• ASSIGNMENT:
Print the listing below again, exactly. Skip the pictures.

• SUPPLIED DATA:

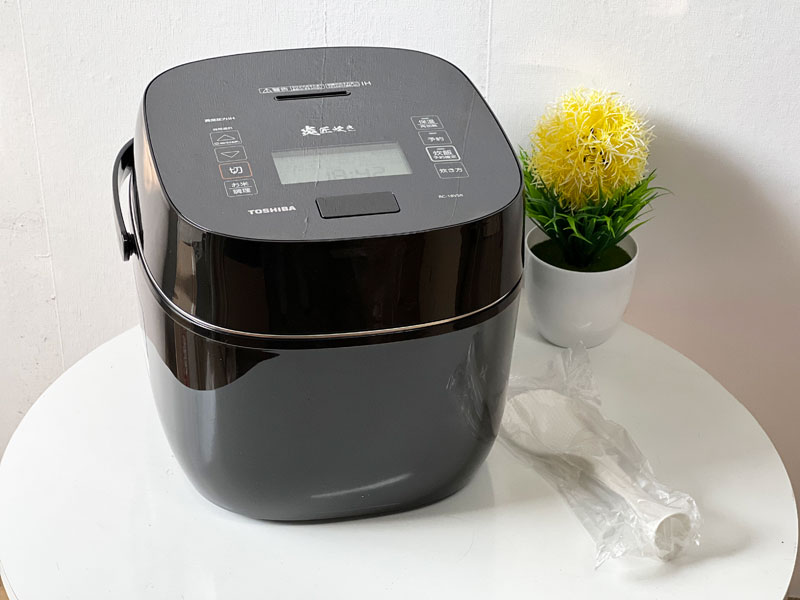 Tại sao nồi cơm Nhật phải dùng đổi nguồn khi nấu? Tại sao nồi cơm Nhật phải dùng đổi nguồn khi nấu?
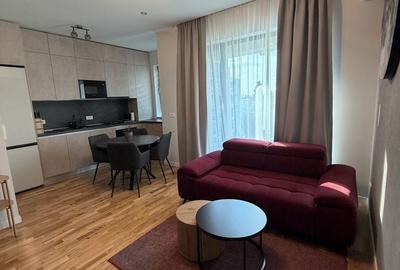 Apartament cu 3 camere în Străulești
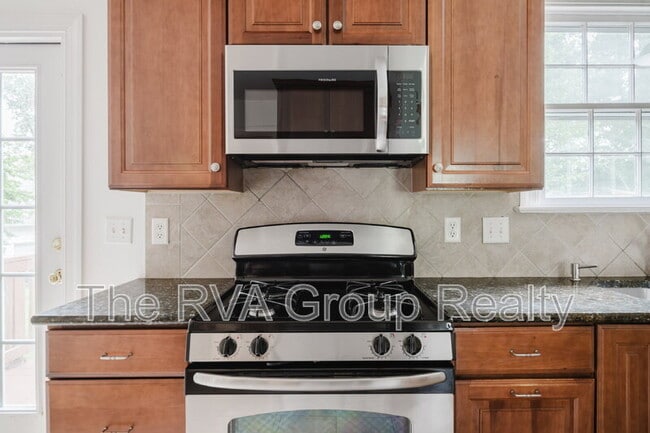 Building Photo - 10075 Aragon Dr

• REPLY TO THE TASK:
 Tại sao nồi cơm Nhật phải dùng đổi nguồn khi nấu? Tại sao nồi cơm Nhật phải dùng đổi nguồn khi nấu?
 Apartament cu 3 camere în Străulești
 Building Photo - 10075 Aragon Dr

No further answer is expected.